Records shown START

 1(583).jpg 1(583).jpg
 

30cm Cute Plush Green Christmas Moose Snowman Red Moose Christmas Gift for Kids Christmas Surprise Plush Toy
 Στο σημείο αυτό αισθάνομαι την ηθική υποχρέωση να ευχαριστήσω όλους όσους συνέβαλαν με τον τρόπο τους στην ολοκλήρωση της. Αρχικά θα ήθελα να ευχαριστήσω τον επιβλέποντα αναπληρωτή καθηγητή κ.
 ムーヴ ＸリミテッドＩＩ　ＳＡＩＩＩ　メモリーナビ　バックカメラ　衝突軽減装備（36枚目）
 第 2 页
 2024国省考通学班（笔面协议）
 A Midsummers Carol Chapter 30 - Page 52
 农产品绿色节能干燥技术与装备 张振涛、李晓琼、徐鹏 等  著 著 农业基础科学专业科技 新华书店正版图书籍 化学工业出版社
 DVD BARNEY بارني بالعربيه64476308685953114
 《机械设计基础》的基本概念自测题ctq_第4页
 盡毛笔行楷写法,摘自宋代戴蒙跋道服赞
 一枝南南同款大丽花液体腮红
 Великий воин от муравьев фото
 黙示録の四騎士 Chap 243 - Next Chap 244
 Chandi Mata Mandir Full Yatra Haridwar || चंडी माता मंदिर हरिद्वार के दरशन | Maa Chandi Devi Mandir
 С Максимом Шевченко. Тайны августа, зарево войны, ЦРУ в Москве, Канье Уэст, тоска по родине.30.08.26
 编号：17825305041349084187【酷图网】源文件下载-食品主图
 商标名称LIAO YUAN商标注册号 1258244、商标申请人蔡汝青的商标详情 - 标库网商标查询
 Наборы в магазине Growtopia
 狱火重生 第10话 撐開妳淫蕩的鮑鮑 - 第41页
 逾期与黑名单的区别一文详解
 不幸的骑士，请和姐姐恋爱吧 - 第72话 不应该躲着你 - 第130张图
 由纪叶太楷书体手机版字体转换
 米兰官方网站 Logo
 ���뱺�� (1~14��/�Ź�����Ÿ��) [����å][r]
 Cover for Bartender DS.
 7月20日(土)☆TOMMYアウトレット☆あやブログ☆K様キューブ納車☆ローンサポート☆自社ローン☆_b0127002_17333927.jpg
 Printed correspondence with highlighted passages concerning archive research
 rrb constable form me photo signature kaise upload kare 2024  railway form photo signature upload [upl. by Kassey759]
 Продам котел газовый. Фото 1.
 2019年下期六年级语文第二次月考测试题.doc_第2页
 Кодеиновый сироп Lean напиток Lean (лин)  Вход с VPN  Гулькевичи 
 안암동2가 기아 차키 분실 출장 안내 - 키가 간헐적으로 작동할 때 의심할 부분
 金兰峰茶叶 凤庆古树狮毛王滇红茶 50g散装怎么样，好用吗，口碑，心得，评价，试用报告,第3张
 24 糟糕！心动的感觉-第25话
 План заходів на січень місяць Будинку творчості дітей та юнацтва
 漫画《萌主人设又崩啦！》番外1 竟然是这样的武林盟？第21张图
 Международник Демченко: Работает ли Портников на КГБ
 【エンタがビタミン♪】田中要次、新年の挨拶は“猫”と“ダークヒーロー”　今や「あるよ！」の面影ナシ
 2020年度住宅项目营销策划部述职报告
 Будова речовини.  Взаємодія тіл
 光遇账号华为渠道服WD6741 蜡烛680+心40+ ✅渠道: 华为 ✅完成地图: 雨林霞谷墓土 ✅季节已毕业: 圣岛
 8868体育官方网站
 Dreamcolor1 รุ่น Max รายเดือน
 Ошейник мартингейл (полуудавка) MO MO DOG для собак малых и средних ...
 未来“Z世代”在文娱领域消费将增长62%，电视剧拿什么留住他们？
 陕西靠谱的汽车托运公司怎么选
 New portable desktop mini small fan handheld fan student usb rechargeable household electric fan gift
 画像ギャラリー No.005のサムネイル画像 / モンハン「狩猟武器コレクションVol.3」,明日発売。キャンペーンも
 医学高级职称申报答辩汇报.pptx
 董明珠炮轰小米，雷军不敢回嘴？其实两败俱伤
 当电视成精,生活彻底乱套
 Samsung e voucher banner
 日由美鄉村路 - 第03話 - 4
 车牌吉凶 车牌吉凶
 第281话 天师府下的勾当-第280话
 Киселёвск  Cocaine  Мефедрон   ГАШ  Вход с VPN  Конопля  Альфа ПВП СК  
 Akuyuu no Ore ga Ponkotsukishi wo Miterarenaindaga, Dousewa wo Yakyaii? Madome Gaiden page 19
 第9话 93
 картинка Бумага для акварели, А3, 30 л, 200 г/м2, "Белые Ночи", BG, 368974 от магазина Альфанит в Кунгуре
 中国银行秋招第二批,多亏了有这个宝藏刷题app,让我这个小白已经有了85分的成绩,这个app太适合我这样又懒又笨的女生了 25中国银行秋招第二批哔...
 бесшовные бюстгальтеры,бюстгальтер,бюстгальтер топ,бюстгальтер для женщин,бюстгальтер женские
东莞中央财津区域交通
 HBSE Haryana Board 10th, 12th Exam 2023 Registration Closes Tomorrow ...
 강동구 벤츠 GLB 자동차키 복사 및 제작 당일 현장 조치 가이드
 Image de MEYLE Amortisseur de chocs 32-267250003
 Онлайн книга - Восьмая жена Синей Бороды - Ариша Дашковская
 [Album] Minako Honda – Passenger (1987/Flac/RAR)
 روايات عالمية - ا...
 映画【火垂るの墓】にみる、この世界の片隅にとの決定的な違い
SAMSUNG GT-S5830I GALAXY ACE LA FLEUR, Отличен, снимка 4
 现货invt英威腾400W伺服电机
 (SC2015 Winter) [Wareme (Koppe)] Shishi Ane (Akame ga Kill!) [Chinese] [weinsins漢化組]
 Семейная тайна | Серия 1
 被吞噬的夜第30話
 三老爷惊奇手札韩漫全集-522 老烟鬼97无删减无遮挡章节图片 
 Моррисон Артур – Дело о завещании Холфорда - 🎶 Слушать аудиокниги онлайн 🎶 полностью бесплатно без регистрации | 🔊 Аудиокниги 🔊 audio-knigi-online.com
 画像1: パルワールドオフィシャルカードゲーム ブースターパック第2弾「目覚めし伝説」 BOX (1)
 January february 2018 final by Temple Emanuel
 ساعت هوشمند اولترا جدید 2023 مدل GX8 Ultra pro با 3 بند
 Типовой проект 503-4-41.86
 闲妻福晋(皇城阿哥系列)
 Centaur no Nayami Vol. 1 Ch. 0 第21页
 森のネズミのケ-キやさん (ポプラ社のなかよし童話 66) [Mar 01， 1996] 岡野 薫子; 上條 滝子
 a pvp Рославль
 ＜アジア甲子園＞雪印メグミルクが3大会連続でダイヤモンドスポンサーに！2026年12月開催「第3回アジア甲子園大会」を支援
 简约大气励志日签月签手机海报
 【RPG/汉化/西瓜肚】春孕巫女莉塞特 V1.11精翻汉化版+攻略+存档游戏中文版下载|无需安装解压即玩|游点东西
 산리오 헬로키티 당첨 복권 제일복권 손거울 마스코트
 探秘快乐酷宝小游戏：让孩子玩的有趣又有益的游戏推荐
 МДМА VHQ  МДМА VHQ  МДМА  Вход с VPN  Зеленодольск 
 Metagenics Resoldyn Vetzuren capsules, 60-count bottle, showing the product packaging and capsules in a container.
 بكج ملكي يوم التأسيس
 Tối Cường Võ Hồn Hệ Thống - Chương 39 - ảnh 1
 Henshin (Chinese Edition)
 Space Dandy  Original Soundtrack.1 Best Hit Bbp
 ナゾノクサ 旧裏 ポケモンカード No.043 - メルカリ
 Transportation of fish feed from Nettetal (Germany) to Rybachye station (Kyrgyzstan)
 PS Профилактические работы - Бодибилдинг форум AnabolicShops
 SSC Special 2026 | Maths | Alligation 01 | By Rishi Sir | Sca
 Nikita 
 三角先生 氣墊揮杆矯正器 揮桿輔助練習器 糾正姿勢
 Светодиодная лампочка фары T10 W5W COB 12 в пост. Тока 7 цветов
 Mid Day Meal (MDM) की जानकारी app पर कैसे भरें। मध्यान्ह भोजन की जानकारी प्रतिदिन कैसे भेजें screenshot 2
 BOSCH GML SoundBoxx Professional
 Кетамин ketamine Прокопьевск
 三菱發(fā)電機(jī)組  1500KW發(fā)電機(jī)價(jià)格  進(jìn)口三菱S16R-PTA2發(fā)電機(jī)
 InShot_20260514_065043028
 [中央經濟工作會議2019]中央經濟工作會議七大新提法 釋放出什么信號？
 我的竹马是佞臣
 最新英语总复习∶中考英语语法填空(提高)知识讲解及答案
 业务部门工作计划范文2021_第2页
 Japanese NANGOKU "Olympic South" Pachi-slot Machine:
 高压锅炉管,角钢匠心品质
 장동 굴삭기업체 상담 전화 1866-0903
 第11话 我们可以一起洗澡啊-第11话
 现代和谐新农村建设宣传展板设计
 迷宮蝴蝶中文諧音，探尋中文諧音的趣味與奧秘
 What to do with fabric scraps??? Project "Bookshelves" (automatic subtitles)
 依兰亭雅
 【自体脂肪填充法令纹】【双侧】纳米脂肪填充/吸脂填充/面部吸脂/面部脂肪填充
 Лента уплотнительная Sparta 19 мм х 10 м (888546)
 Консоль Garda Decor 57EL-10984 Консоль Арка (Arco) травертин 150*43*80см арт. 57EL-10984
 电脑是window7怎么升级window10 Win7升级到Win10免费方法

Records shown END

• _What is being asked_
The answer is the lines above between the line holding "[Album] Minako Honda" and the line holding "Transportation of fish", inclusive, each written out exactly, and no others.

• _Output for this exercise_
 [Album] Minako Honda – Passenger (1987/Flac/RAR)
 روايات عالمية - ا...
 映画【火垂るの墓】にみる、この世界の片隅にとの決定的な違い
SAMSUNG GT-S5830I GALAXY ACE LA FLEUR, Отличен, снимка 4
 现货invt英威腾400W伺服电机
 (SC2015 Winter) [Wareme (Koppe)] Shishi Ane (Akame ga Kill!) [Chinese] [weinsins漢化組]
 Семейная тайна | Серия 1
 被吞噬的夜第30話
 三老爷惊奇手札韩漫全集-522 老烟鬼97无删减无遮挡章节图片 
 Моррисон Артур – Дело о завещании Холфорда - 🎶 Слушать аудиокниги онлайн 🎶 полностью бесплатно без регистрации | 🔊 Аудиокниги 🔊 audio-knigi-online.com
 画像1: パルワールドオフィシャルカードゲーム ブースターパック第2弾「目覚めし伝説」 BOX (1)
 January february 2018 final by Temple Emanuel
 ساعت هوشمند اولترا جدید 2023 مدل GX8 Ultra pro با 3 بند
 Типовой проект 503-4-41.86
 闲妻福晋(皇城阿哥系列)
 Centaur no Nayami Vol. 1 Ch. 0 第21页
 森のネズミのケ-キやさん (ポプラ社のなかよし童話 66) [Mar 01， 1996] 岡野 薫子; 上條 滝子
 a pvp Рославль
 ＜アジア甲子園＞雪印メグミルクが3大会連続でダイヤモンドスポンサーに！2026年12月開催「第3回アジア甲子園大会」を支援
 简约大气励志日签月签手机海报
 【RPG/汉化/西瓜肚】春孕巫女莉塞特 V1.11精翻汉化版+攻略+存档游戏中文版下载|无需安装解压即玩|游点东西
 산리오 헬로키티 당첨 복권 제일복권 손거울 마스코트
 探秘快乐酷宝小游戏：让孩子玩的有趣又有益的游戏推荐
 МДМА VHQ  МДМА VHQ  МДМА  Вход с VPN  Зеленодольск 
 Metagenics Resoldyn Vetzuren capsules, 60-count bottle, showing the product packaging and capsules in a container.
 بكج ملكي يوم التأسيس
 Tối Cường Võ Hồn Hệ Thống - Chương 39 - ảnh 1
 Henshin (Chinese Edition)
 Space Dandy  Original Soundtrack.1 Best Hit Bbp
 ナゾノクサ 旧裏 ポケモンカード No.043 - メルカリ
 Transportation of fish feed from Nettetal (Germany) to Rybachye station (Kyrgyzstan)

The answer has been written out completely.